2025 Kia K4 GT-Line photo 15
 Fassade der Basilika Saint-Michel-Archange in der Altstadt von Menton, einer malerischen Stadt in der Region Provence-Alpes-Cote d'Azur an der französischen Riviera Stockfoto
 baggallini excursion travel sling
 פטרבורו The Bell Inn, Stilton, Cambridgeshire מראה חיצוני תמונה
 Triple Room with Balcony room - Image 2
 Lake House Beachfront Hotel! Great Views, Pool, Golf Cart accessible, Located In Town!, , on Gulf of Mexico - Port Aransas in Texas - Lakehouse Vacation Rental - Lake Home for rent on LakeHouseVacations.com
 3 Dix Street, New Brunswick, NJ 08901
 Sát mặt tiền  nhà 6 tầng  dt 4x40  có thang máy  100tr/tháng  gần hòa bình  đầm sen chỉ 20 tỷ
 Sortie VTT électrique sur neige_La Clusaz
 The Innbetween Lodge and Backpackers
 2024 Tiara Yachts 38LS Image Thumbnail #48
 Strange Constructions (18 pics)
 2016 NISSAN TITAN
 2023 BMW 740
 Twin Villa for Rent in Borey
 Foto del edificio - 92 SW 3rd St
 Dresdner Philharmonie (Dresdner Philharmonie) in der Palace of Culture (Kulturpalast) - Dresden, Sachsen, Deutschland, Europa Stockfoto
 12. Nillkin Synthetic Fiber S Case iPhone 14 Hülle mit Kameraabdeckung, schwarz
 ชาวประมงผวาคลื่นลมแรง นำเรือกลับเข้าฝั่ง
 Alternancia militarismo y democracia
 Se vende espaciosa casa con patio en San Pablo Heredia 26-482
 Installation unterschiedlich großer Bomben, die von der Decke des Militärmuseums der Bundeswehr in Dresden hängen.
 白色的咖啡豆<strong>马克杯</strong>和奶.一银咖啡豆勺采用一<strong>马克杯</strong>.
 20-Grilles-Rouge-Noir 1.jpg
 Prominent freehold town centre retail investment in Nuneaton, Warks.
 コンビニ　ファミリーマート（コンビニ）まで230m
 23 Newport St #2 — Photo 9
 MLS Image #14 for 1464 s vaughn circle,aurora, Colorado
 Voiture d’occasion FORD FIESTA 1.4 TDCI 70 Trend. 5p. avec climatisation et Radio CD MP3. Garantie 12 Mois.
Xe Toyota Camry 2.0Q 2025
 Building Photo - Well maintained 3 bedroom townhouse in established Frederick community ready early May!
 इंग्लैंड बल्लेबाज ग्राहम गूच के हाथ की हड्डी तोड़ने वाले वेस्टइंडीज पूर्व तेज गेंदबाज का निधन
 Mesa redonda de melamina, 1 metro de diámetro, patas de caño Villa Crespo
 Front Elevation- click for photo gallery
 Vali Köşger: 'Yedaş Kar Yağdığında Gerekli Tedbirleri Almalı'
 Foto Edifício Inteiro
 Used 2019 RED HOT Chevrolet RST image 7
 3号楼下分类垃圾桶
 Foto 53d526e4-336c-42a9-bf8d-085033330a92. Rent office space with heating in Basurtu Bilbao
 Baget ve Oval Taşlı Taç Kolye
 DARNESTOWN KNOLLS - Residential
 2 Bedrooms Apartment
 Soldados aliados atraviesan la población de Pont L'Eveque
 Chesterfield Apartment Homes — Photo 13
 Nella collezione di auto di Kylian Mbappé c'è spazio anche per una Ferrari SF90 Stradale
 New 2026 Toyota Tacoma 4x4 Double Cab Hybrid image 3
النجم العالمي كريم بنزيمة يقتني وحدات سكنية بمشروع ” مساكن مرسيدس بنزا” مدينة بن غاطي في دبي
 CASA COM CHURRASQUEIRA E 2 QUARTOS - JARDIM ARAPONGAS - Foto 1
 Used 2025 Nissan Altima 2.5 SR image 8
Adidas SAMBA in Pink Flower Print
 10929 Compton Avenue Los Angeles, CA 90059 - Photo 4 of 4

*WHAT NEEDS TO BE DONE*: Copy out the lines above, from the one holding "New 2026 Toyota" through the final line, with no other lines.

*RESPONSE TO THIS EXERCISE*:
 New 2026 Toyota Tacoma 4x4 Double Cab Hybrid image 3
النجم العالمي كريم بنزيمة يقتني وحدات سكنية بمشروع ” مساكن مرسيدس بنزا” مدينة بن غاطي في دبي
 CASA COM CHURRASQUEIRA E 2 QUARTOS - JARDIM ARAPONGAS - Foto 1
 Used 2025 Nissan Altima 2.5 SR image 8
Adidas SAMBA in Pink Flower Print
 10929 Compton Avenue Los Angeles, CA 90059 - Photo 4 of 4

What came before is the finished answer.